TASK STATEMENT: Copy every record below exactly, leaving out any pictures.

AVAILABLE RECORDS:
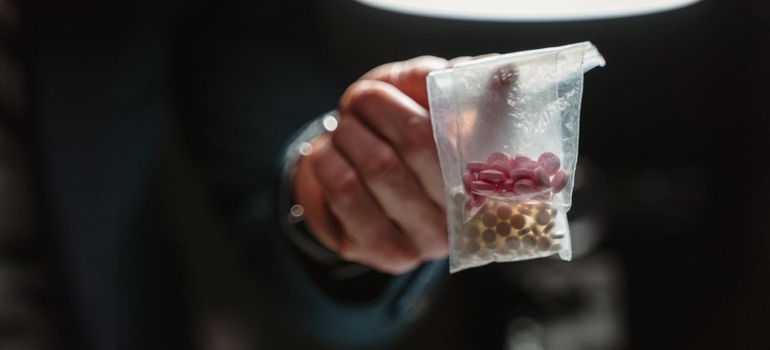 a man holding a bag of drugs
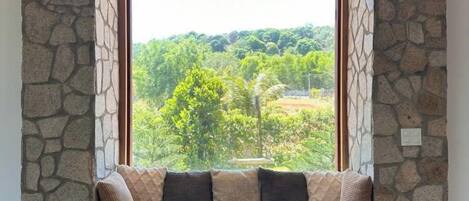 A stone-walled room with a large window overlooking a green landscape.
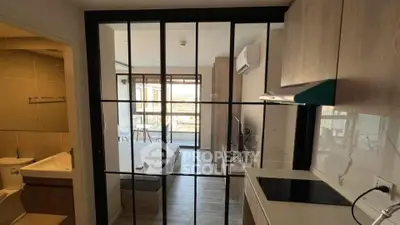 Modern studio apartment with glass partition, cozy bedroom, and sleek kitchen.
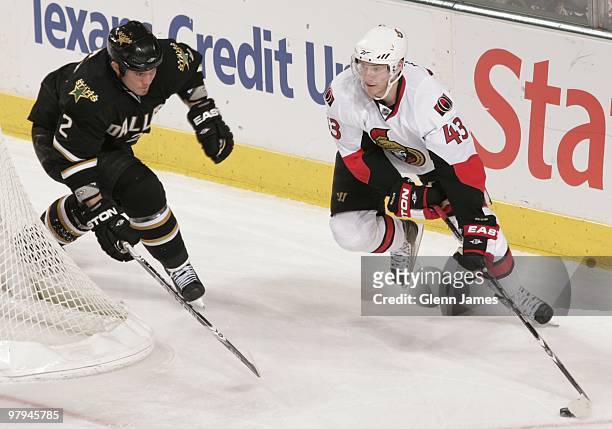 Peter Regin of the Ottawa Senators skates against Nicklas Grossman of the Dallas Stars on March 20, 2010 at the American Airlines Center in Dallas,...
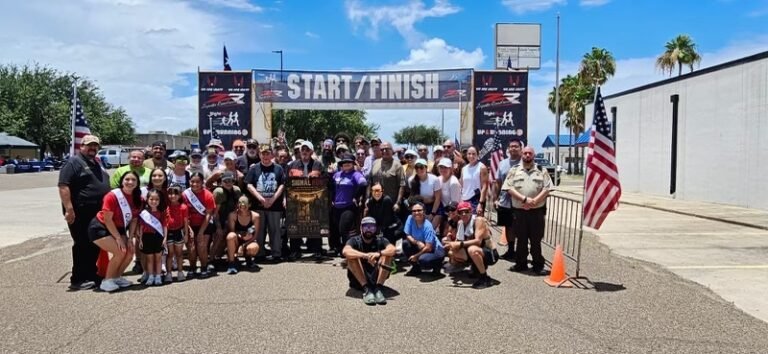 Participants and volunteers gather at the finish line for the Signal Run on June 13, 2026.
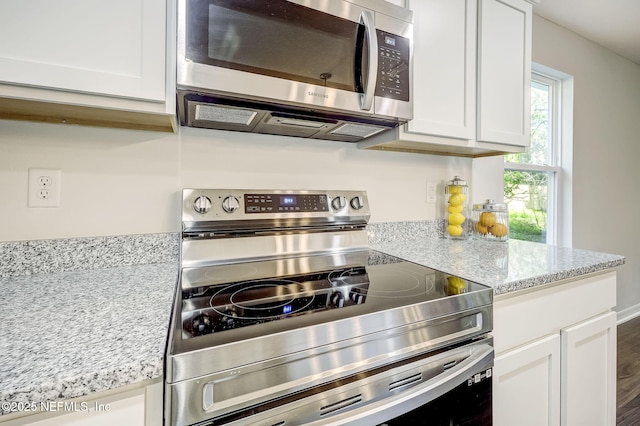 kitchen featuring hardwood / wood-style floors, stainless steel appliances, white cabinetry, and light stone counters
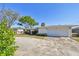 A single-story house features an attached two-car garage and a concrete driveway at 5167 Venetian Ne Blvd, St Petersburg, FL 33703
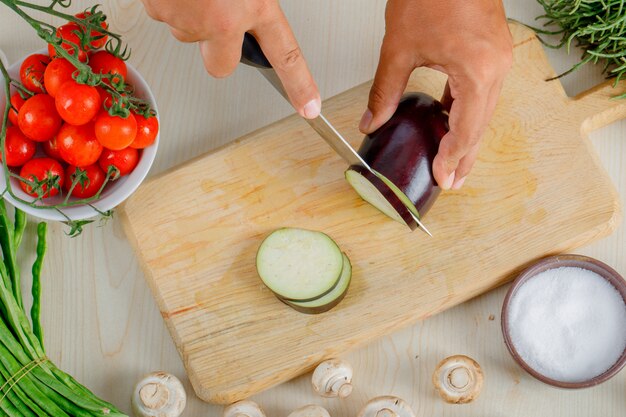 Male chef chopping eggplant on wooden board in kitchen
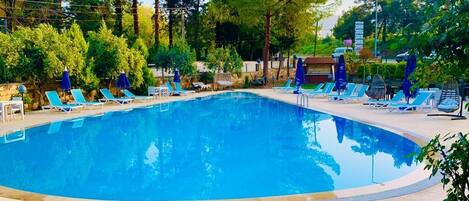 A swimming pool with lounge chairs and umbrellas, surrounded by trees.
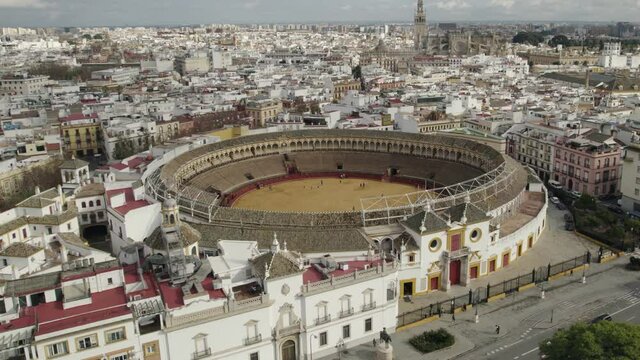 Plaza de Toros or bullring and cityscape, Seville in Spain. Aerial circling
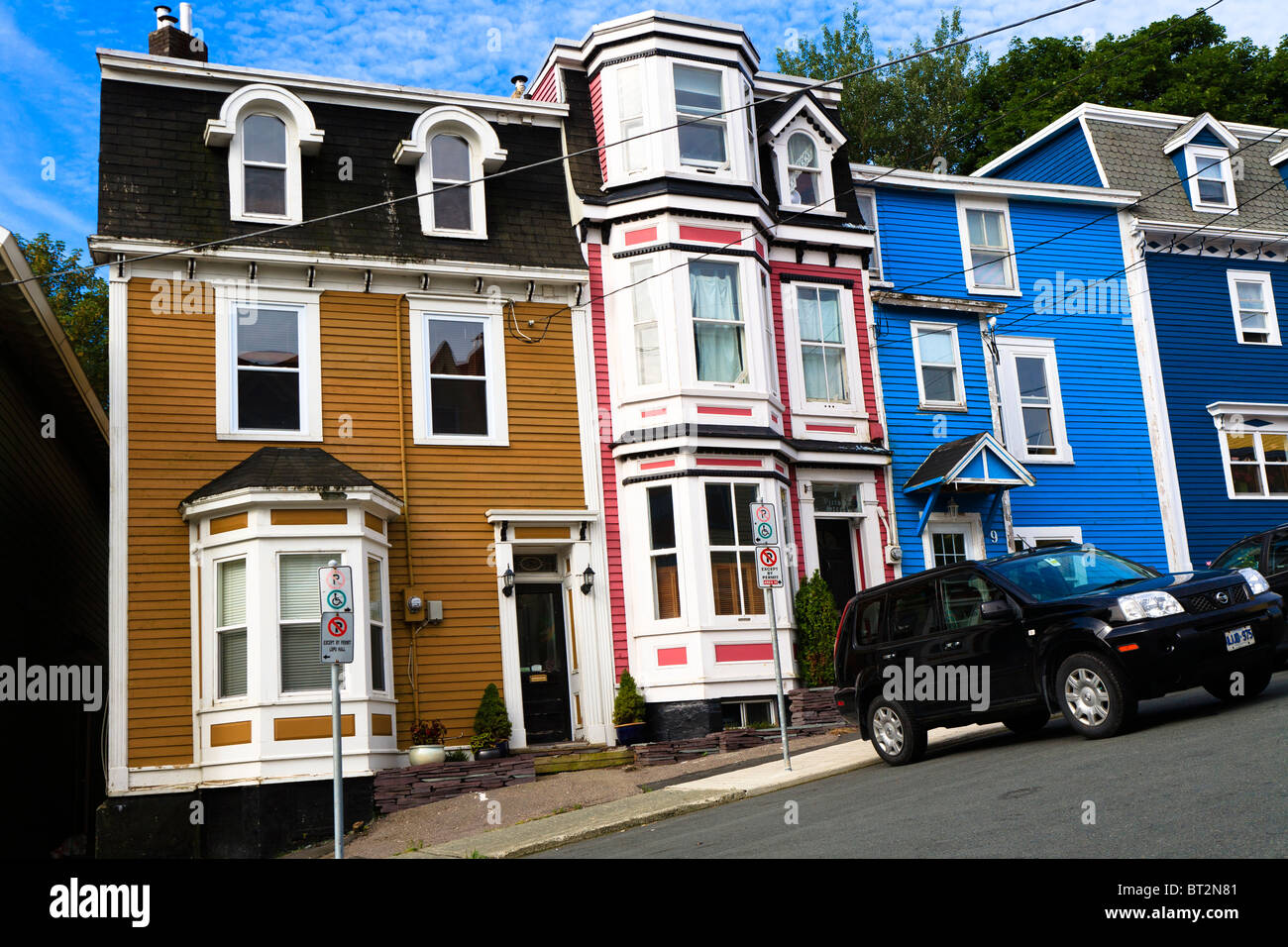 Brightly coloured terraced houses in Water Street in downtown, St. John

TASK RESPONSE:
 a man holding a bag of drugs
 A stone-walled room with a large window overlooking a green landscape.
 Modern studio apartment with glass partition, cozy bedroom, and sleek kitchen.
 Peter Regin of the Ottawa Senators skates against Nicklas Grossman of the Dallas Stars on March 20, 2010 at the American Airlines Center in Dallas,...
 Participants and volunteers gather at the finish line for the Signal Run on June 13, 2026.
 kitchen featuring hardwood / wood-style floors, stainless steel appliances, white cabinetry, and light stone counters
 A single-story house features an attached two-car garage and a concrete driveway at 5167 Venetian Ne Blvd, St Petersburg, FL 33703
 Male chef chopping eggplant on wooden board in kitchen
 A swimming pool with lounge chairs and umbrellas, surrounded by trees.
 Plaza de Toros or bullring and cityscape, Seville in Spain. Aerial circling
 Brightly coloured terraced houses in Water Street in downtown, St. John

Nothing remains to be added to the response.